I’ve got some results you might be interested in. Not really a review, just some benchmarks from the P4T and unlocked P4. I played around with the bus and rdram speeds to see how far they would go.
Last night when it was cold (about 50F ambient) I pushed the board all the way to 133 FSB, which equates to 535MHz QDR. I succeeded in pushing the Samsung PC800 rdram up to a whopping 1040. The board proved reasonably stable. I was able to run the team lamb chop seti file to completion with no problems. I consider that to be a fairly decent test – as it taxes the system heavily for over four hours. My experience has been that an unstable system will either hard lock, or simply reboot if it can’t handle seti.
P4 appears to scale fairly well with clock speed. It finished the lamb chop bench almost 40 minutes faster than my tbird at 1500. The same speed increase in a P3 would net about 15 minutes. This is becoming a more and more popular benchmark. My tbird at 1533MHz (146X10.5) on a KT7A, finished in 4 hours 31 minutes. The P4 at 1840MHz (16X115) on an Asus P4T, finished in 3 hours 52 minutes. I’d sure like to see what the tbird would do at 1840, but it’s not getting there any time soon, short of taking a bath in LN.
This afternoon I tried the same tests, only this time the ambient temp was about 72F. I attempted to isolate problems by lowering the rdram and cpu as close as possible to their rated speeds, while pushing the chipset to see how far it could go. Of course I can’t say with any certainty that the instability I’m seeing now is not coming from the hard drive or pci cards being warmer now as well. At any rate here’s how it fares. At 72F the chipset refuses to operate reliably past 118 FSB. Since I was limited to this speed, I couldn’t push the rdram as high as I did last night, so there’s no telling if it could handle those speeds at this temperature. I venture to say no. I’ll have to glue a lasagna cooler on the north bridge and see if that helps. It’s interesting to me that Asus is using the identical heat sink and clip that Intel uses on their reference board.

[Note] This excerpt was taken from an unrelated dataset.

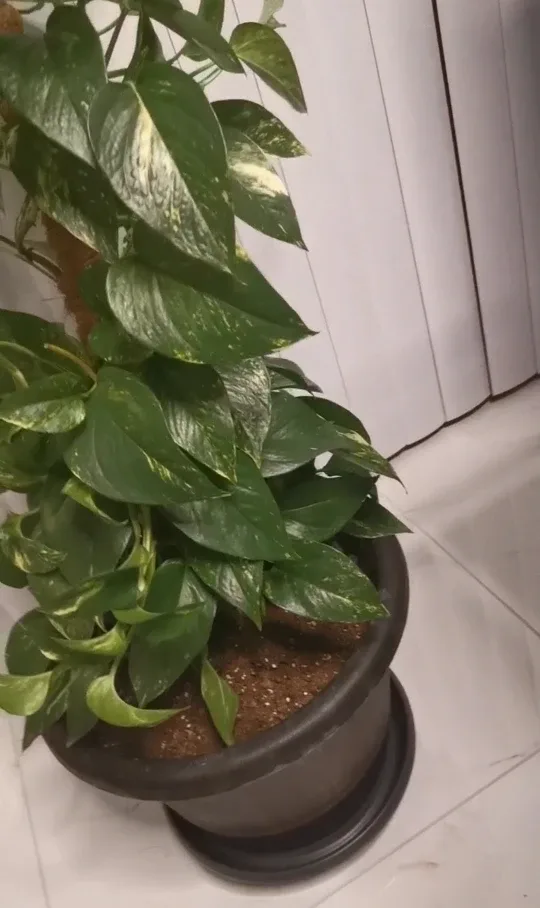 Pothos Plant with Moss Pole image indicator(2)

Here’s what I was able to do in that chilly environment with air.
Out comes the Swiftech 462w. Side note, this cpu acts like some tbirds – it likes default voltage better than an increase.
After using it for a while, I have to say it’s more interesting than I expected. Granted I have it overclocked, so I’m seeing better scores than most reviews so far, but it intrigues me in other ways. It does some things extremely well, particularly memory intensive stuff obviously, but it’s ho hum with other things.
In general I get the impression that, had they not gutted it so badly, this would be a VERY powerful cpu. Lets pray they refit it when they go to .13 – then we’d really have something new to talk about.